Hacker News new | ask | show | jobs
by wuiheerfoj 902 days ago
Running 2^64 SHA1 ops on a GPU takes 15 years, so I think finding a reasonable collision for that half using SHA2/3 is not as trivial as you suggest:

https://crypto.stackexchange.com/questions/84520/how-long-wo...

2 comments

A chosen-prefix (i.e. a demonstration how to modify a given legal document to obtain two different documents that have the same hash) SHA-1 collision has already been computed:

"We have successfully run the computation during two months last summer, using 900 GPUs (Nvidia GTX 1060)."

Such resources can be easily rented from a cloud.

So for anyone willing to spend up to 100k USD, it is trivial to find SHA-1 collisions.

https://sha-mbles.github.io/

Since that post was published, the 4090 came out, which can (according to this hashcat benchmark [1]) do 50,638.7 million SHA1 hashes per second, so now it would only take a single 4090 GPU 11.55 years. Or you could buy 12 of them and do it in a year, etc. So it's definitely not cheap but 15 years is definitely an overestimate (and presumably GPUs will keep getting faster...).

SHA2-256 is "only" 21975.5 MH/s so you'd have to double the number of GPUs or amount of time.

[1] https://gist.github.com/Chick3nman/32e662a5bb63bc4f51b847bb4...

Generating 2^64 hashes isn't guaranteed to produce a collision, and even if a collision did exist in that set, you're not going to find it by getting a bunch of GPUs to compute 2^64 hashes. There's a huge difference between a haystack that maybe contains a needle, and a needle that's been pulled from the haystack and presented to you. To actually find and identify the collisions you'll need to hook those GPUs up to some sort of storage/retrieval system. Just to store 2^64 128-bit hashes would take 295.1 exabytes. That's an order of magnitude more storage than NSA's utah datacenter[1].

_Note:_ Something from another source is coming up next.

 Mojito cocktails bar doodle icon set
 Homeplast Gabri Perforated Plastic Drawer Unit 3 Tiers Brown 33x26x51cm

[1] https://en.wikipedia.org/wiki/Utah_Data_Center

You can generate pairs of hashes for random inputs and check for collision without storing all of the outputs, no?
True, which is why 256-bit or bigger hashes are recommended to make sure that the time for finding a collision is alone great enough to make this impossible.

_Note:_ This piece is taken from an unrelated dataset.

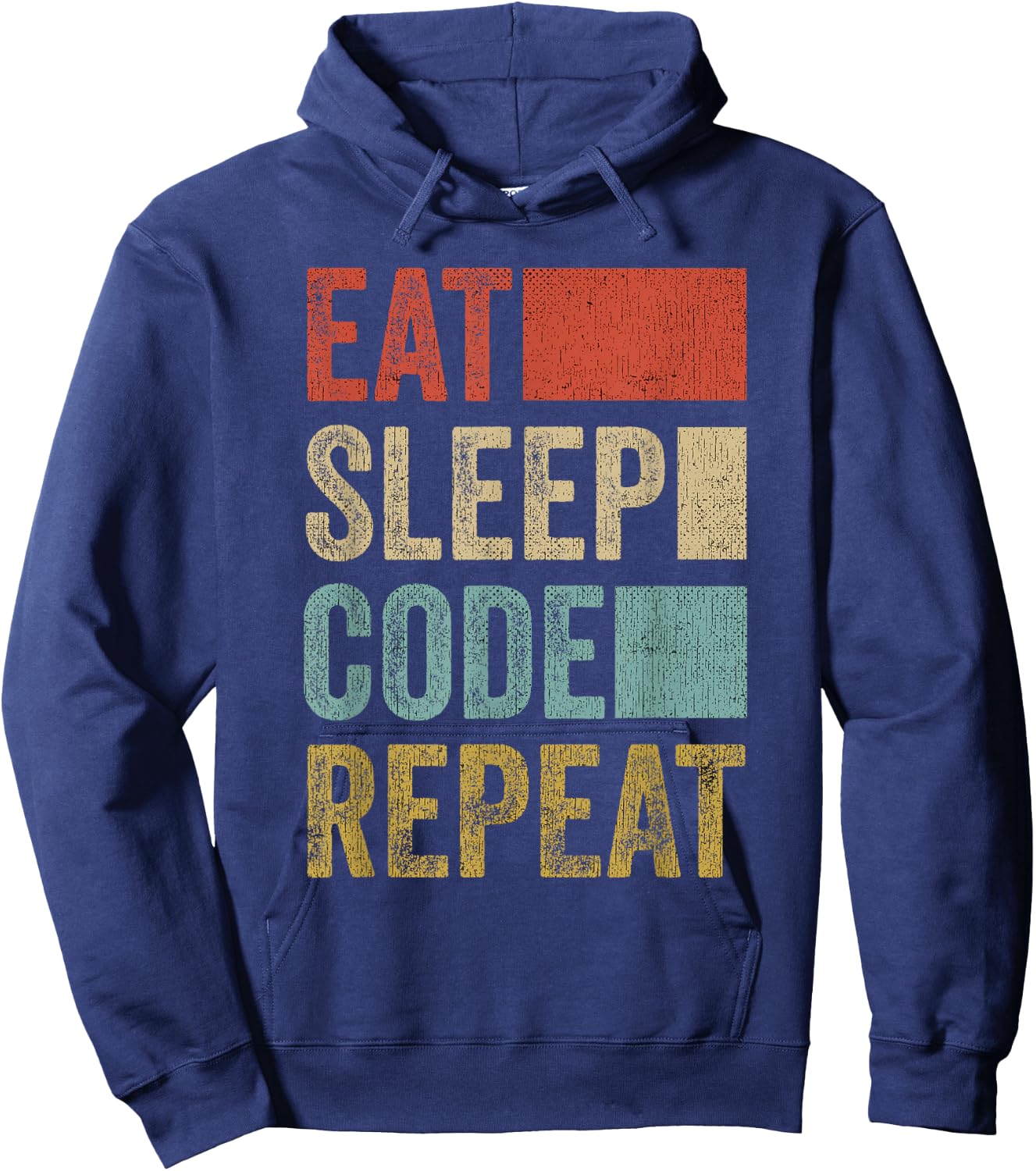 Software Developer Coder Eat Sleep Code Repeat Hoodie - Hoodie | Navy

Finding a collision for an 160-bit hash by brute force, on a big cloud or supercomputer, is about the maximum that someone with unlimited financial resources could do.

That requires way more hashes to be computed though.
I don't think that's correct? It's probabilistic, yes, but in expectation you would still need ~2^64 hashes to find a collision for a 128-bit hash (birthday paradox).
See my above comment. There's a huge difference between having a collision somewhere in a pile of 2^64 hashes, and actually having the colliding hashes ready to present.